EXERCISE DESCRIPTION:
Restate the data below word for word, and let no image into your version.

Short descriptive text snippets:
►
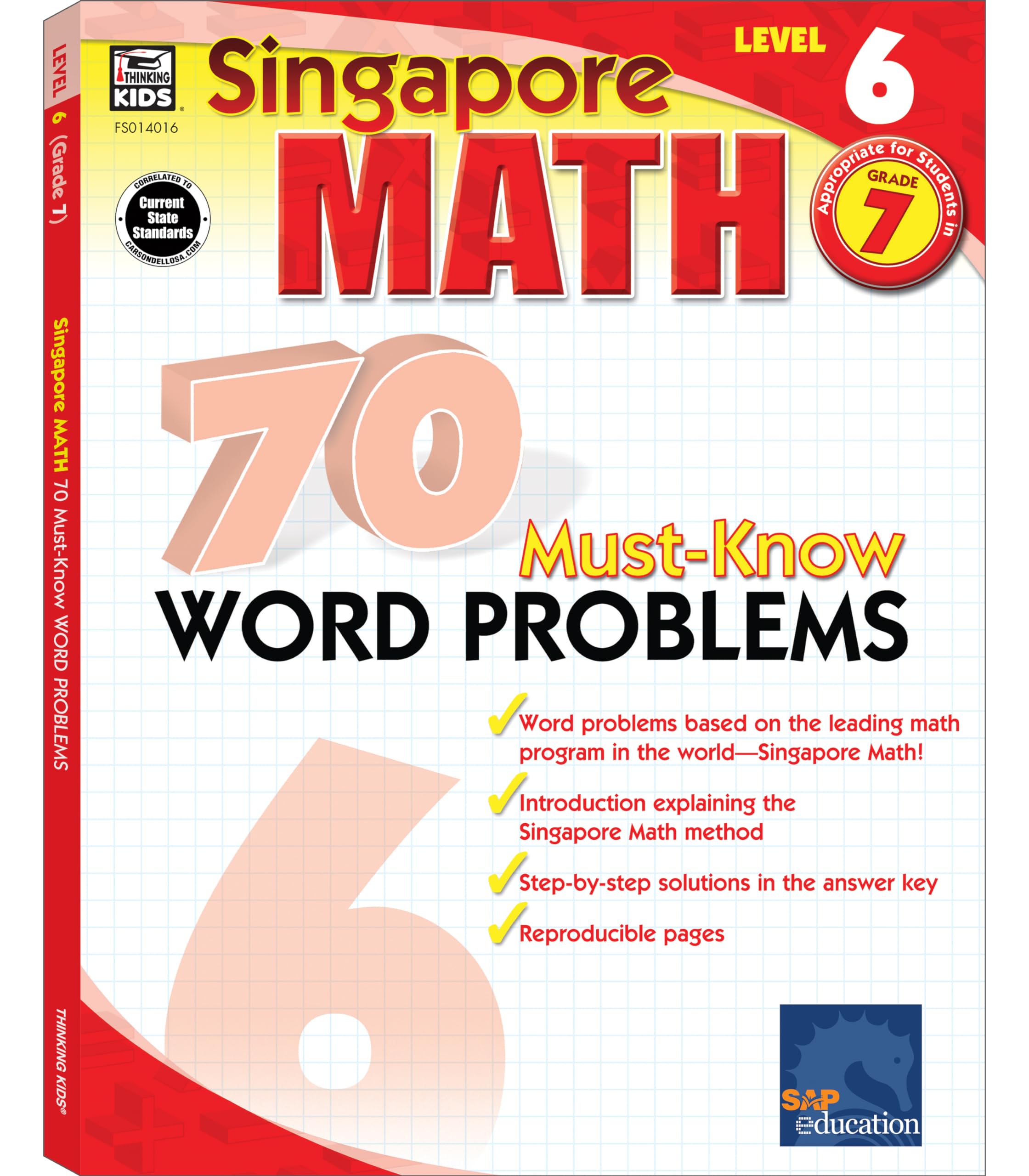 Buy Singapore Math 70 Must-Know Word Problems Level 6, Grade 7 — BookShops.in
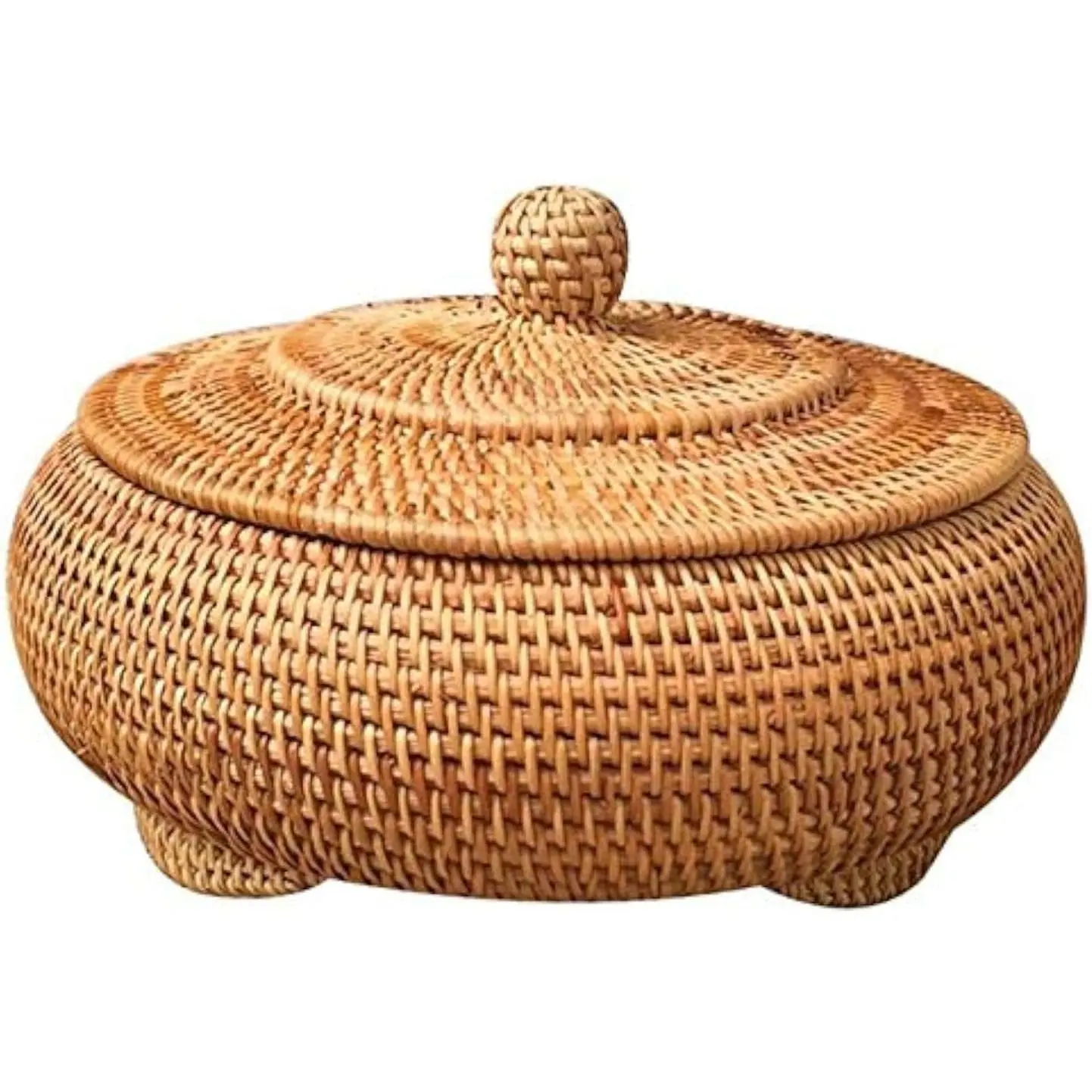 Round Hand-Woven Rattan Boxes with Lid 8.6Inch (22x13cm) Multi-Purpose Wicker Tray for Picnic Food Bread Table Storage, Souvenir, Gift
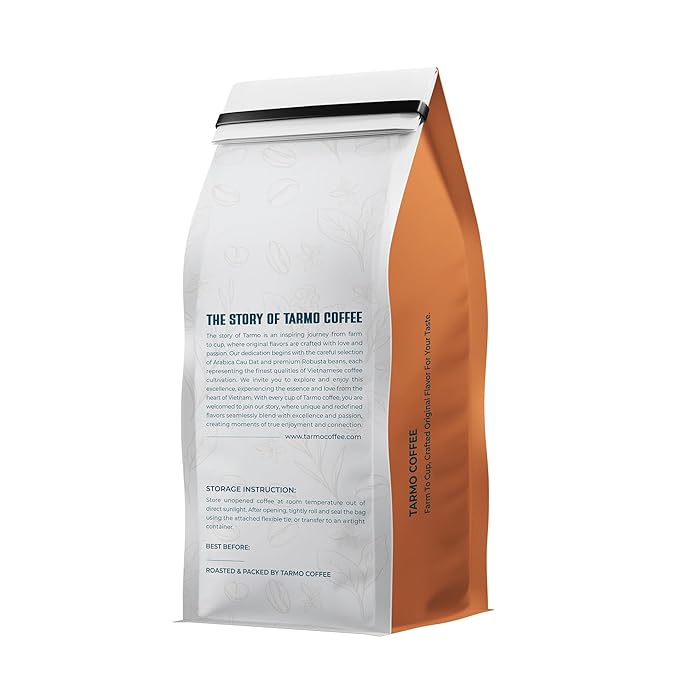 Tarmo Coffee | OFFICE GRIND - Low Acid Ground Coffee Vietnamese Coffee Premium Arabica &amp Robusta Blend Medium Roast Coffee 12 Oz Bag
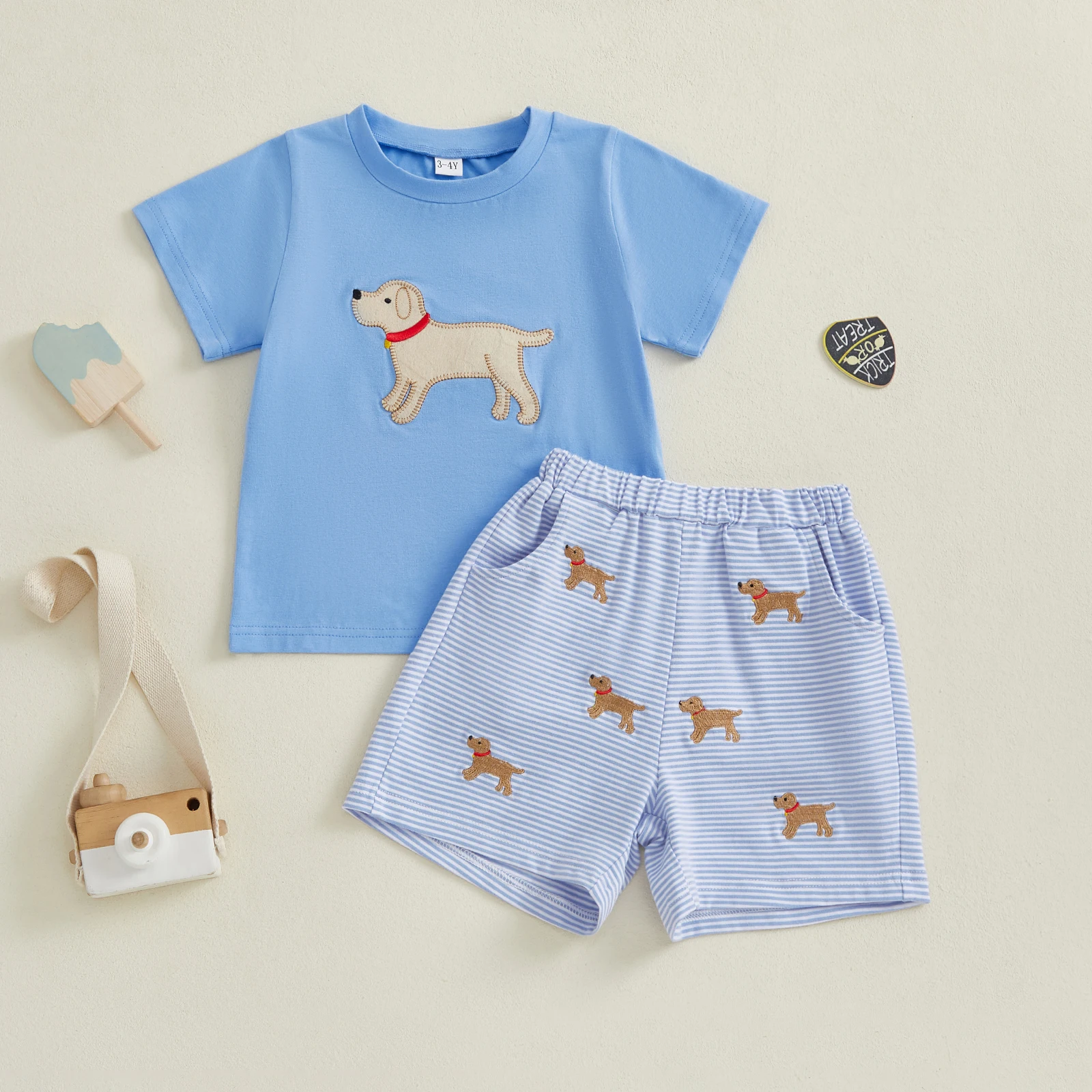 

Милый комплект одежды для маленьких мальчиков с футболкой с вышивкой динозавра и камуфляжными шортами с эластичным поясом и карманами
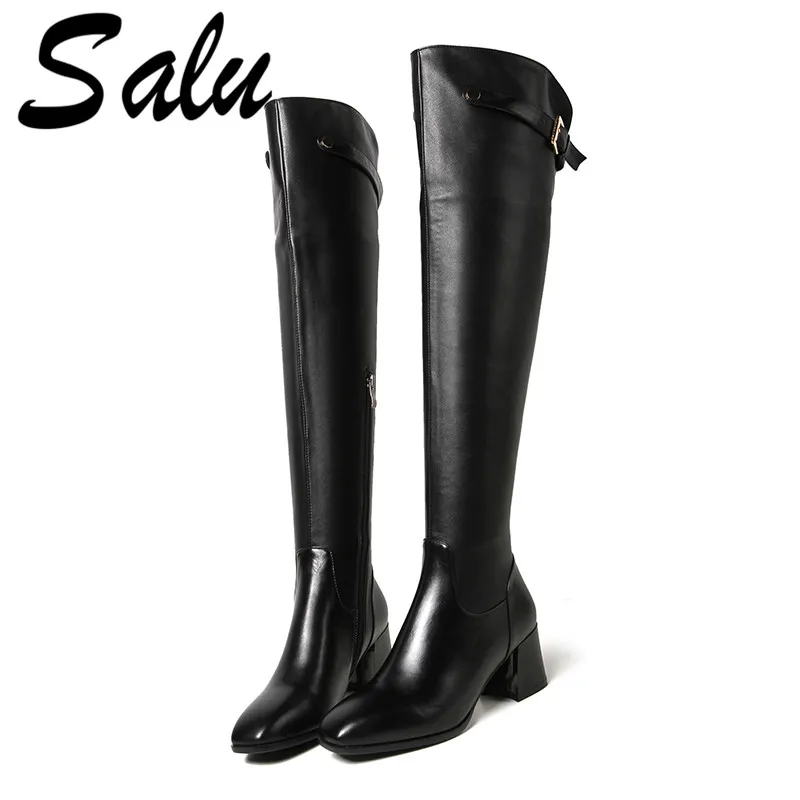 

Salu Square Heels Over The Knee High Women Boots Rouned Toe Ladies Western Boots Party Dress Shoes Woman Large Size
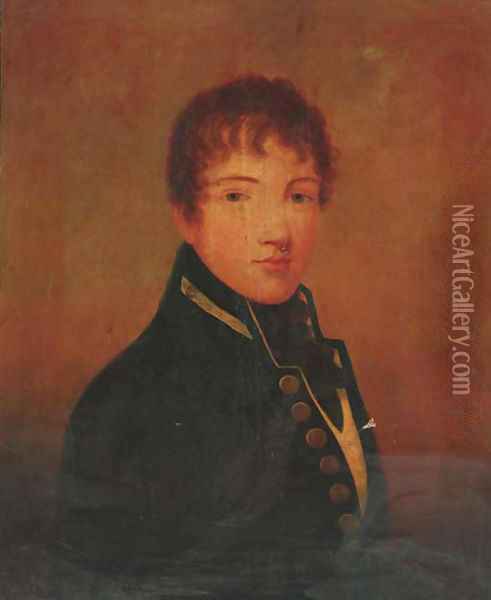 Portrait of James Carnegie in midshipman's uniform Oil Painting - English School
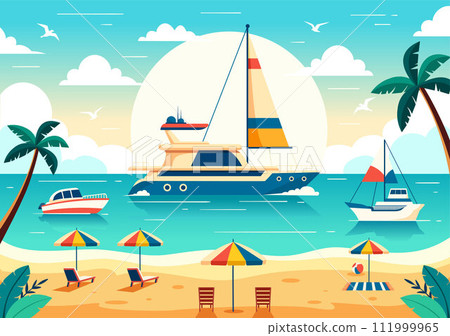 Yachts Vector Illustration with Ferries Cargo Boats and Ship Sailboat of Water Transport at the Beach in Sunset Flat Cartoon Background Yachts Vector Illustration with Ferries Cargo Boats and Ship Sailboat of Water Transport at the Beach in Sunset Flat Cartoon Background 111999965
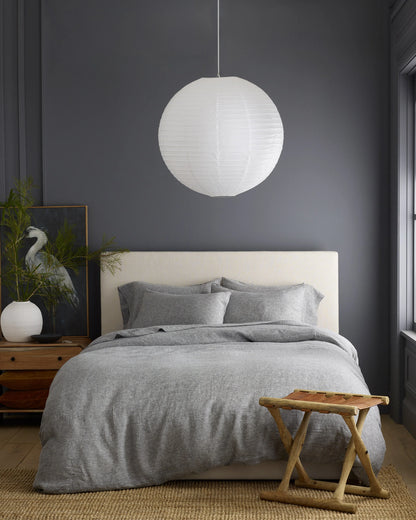 European Linen Chambray Deluxe Bedding Bundle - Twin / Charcoal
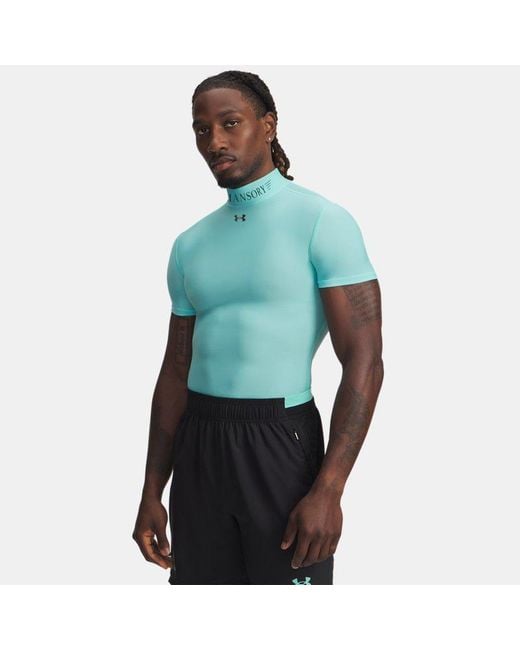 Under Armour Blue Heatgear X Mansory Compression Mock Short Sleeve Tropical Tide for men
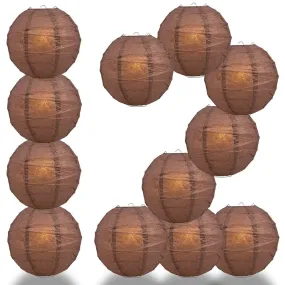 BULK PACK (12) 28" Brown Round Paper Lantern, Crisscross Ribbing, Chinese Hanging Wedding & Party Decoration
◄
OUTPUT BELOW:
 Buy Singapore Math 70 Must-Know Word Problems Level 6, Grade 7 — BookShops.in
 Round Hand-Woven Rattan Boxes with Lid 8.6Inch (22x13cm) Multi-Purpose Wicker Tray for Picnic Food Bread Table Storage, Souvenir, Gift
 Tarmo Coffee | OFFICE GRIND - Low Acid Ground Coffee Vietnamese Coffee Premium Arabica &amp Robusta Blend Medium Roast Coffee 12 Oz Bag

Милый комплект одежды для маленьких мальчиков с футболкой с вышивкой динозавра и камуфляжными шортами с эластичным поясом и карманами

Salu Square Heels Over The Knee High Women Boots Rouned Toe Ladies Western Boots Party Dress Shoes Woman Large Size
 Portrait of James Carnegie in midshipman's uniform Oil Painting - English School
 Yachts Vector Illustration with Ferries Cargo Boats and Ship Sailboat of Water Transport at the Beach in Sunset Flat Cartoon Background Yachts Vector Illustration with Ferries Cargo Boats and Ship Sailboat of Water Transport at the Beach in Sunset Flat Cartoon Background 111999965
 European Linen Chambray Deluxe Bedding Bundle - Twin / Charcoal
 Under Armour Blue Heatgear X Mansory Compression Mock Short Sleeve Tropical Tide for men
 BULK PACK (12) 28" Brown Round Paper Lantern, Crisscross Ribbing, Chinese Hanging Wedding & Party Decoration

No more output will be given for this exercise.